US oil producers: early responder to drop in global oil prices, says report
12 February 2015
US oil production and in particular that of shale oil has proven to be an early and nimble responder to the large drop in oil prices that occurred in late 2014, according to a new report by energy experts at Rice University's Baker Institute for Public Policy.
The report, Effects of Low Oil Prices on US Shale Production: OPEC Calls the Tune and Shale Swings, leverages previously unreleased data by international oil and gas intelligence company Drillinginfo and provides an early snapshot of an industry making initial adjustments in response to a new economic environment.
It was co-authored by Jim Krane, the Wallace S Wilson Fellow for Energy Studies at the Baker Institute, who specialises in energy geopolitics, and Mark Agerton, graduate fellow for energy studies at the Baker Institute and doctoral student in Rice's Department of Economics.
''The Drillinginfo data appear to confirm speculation that some of the first reductions in worldwide oil production would take place in the US shale sector,'' Krane said. ''The shale industry is now revealing itself as a nimble and price-responsive producer. This is a useful characteristic at times like the present, when OPEC member-states have rejected their customary market-balancing role.''
The Baker Institute report's figures show a 32 per cent drop in oil-directed drilling by US companies between May 2014 and January 2015.
Global oil prices shed around half of their value between June and December 2014, falling precipitously after OPEC's 27 November decision to maintain constant oil production. Saudi oil minister Ali al-Naimi declared that OPEC would defend its share of global crude oil markets from upstart producers, including US shale operators.
Two months later, OPEC's actions appeared to be generating the desired effect, the report found. New oil production in some US shale plays appears to have been curtailed, especially since November. Signs include shrinking numbers of drilling rigs in operation, fewer wells being drilled and reductions in the volume of new oil production coming on stream.
''US shale oil is a high-cost resource, with an advantage that lies in low costs of entry and exit. Companies can get wells drilled and new production ramped up in a matter of weeks,'' Krane said. ''When the oil price falls, if some companies stop drilling, shale's fast decline rates begin to reduce supply automatically.''
The clearest evidence of decline has emerged from the Permian Basin of Texas and New Mexico, according to the report. There were steep drop-offs in the number of rigs in operation and in the drilling of vertical wells. As a result, oil flow, especially from vertically drilled wells, has decreased.

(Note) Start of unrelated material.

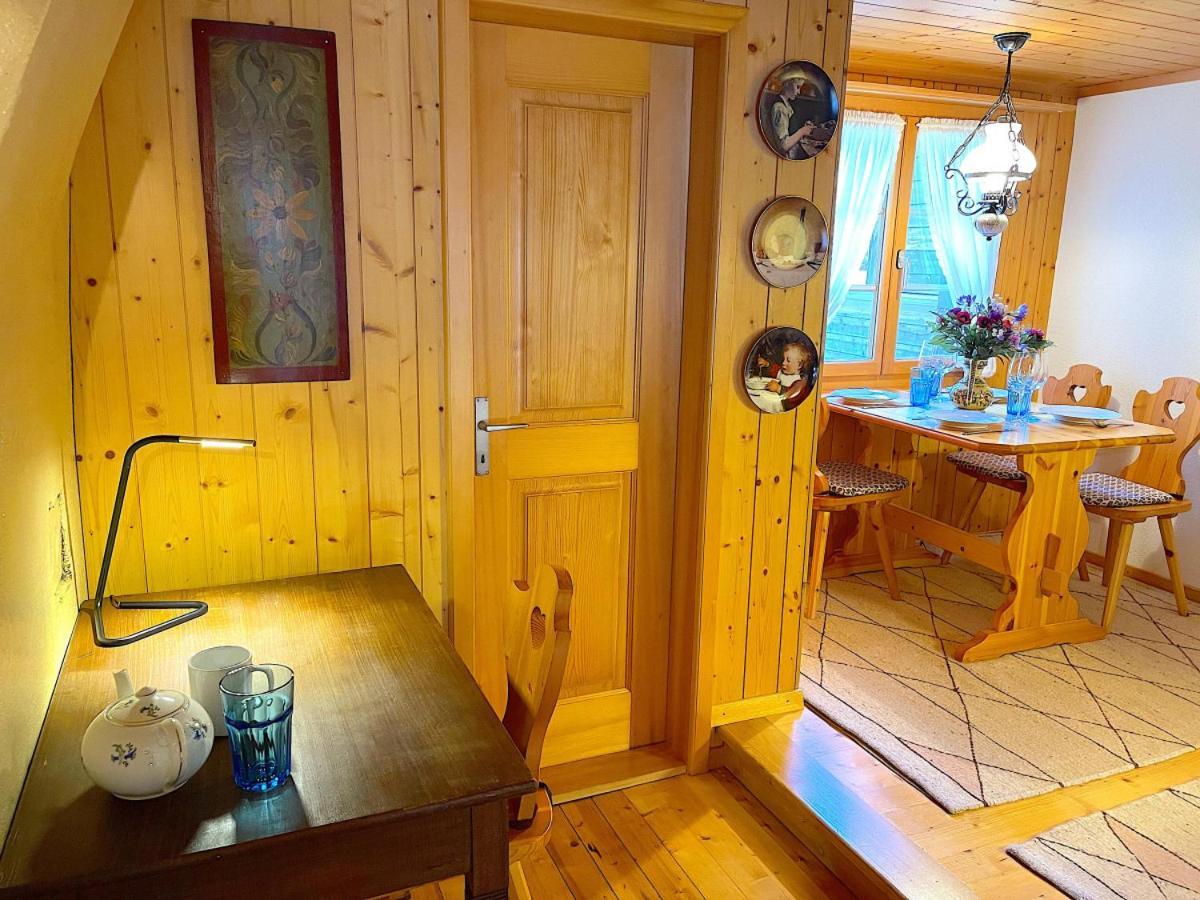 Swisshut Stunning Views Alps Lake - Chalet Erli Därligen Екстериор снимка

Krane said the picture is far from universal, however, and important counter-cases bear mention.
Perhaps, the most contrarian is South Texas' Eagle Ford shale, where Drillinginfo data shows rising numbers of wells drilled and an increasing volume of oil produced, even between the months of November 2014 and January 2015.

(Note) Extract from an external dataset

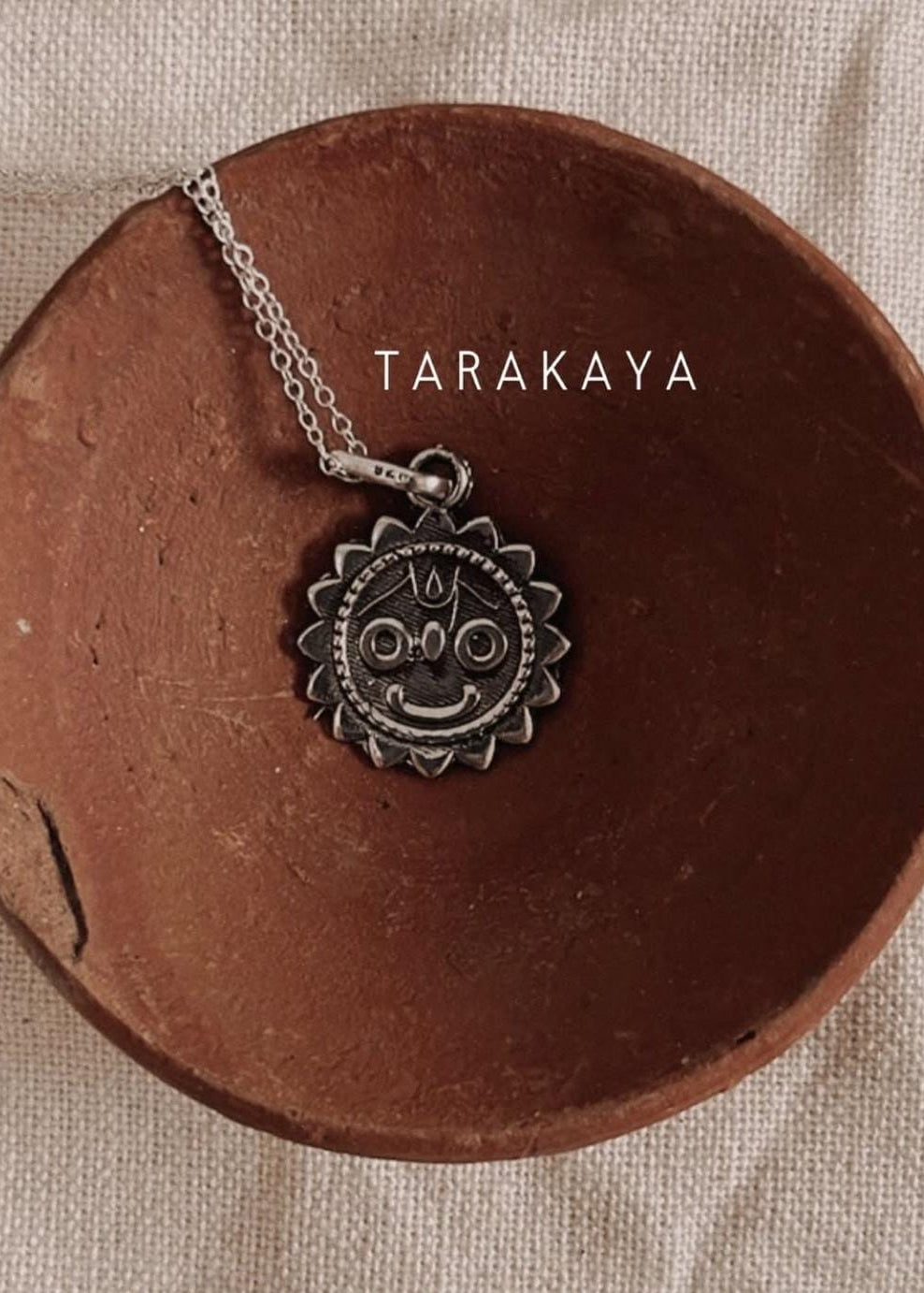 925 Sterling Silver Jai Jagannath Ji Pendant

''Although the actual changes in output are modest, the implications are not,'' Krane said. ''The swing producer role held by Saudi Arabia since the mid-1970s appears to be in flux. At times when the Saudis decline to adjust production in line with market signals, that role may revert to higher-cost areas of production, including some in the United States. In fact, the swing producer role was once an American concern overseen by the Texas Railroad Commission, which, until the rise of OPEC, maintained similar production quotas aimed at reducing oil-price volatility.''
This time, the market response is not orchestrated by a governing body but by the decentralised actions of many firms responding to price signals, Krane said. ''In the case of shale, unique characteristics allow this to happen. These include higher costs, short lead times for investment, low barriers to entry and exit, steep production decline curves and requirements for continuous drilling to maintain constant production,'' he said.
Shale's price responsiveness bodes well for big conventional oil producers and projects, including those outside North America, which cannot respond as quickly due to lengthy investment-to-production timelines, Krane said. ''Shale's short-term investment characteristics might also help reduce the duration of the current oil bust, in contrast with the nearly two decades of low oil prices between the mid-1980s and early 2000s, which were exacerbated by the onset of huge projects in Alaska, the North Sea and the Gulf of Mexico that were not as responsive to oil prices,'' he said.
The low barriers to entry, which allowed small companies and investors to quickly move into the shale oil business, appear to be complemented by low barriers to exit, which allow them to move away when prices reverse, Krane said.
''If OPEC and Saudi Arabia shift away from their prior swing producer roles, the nimble characteristics of US shale producers may provide global markets with alternate and useful source of spare capacity,'' he said.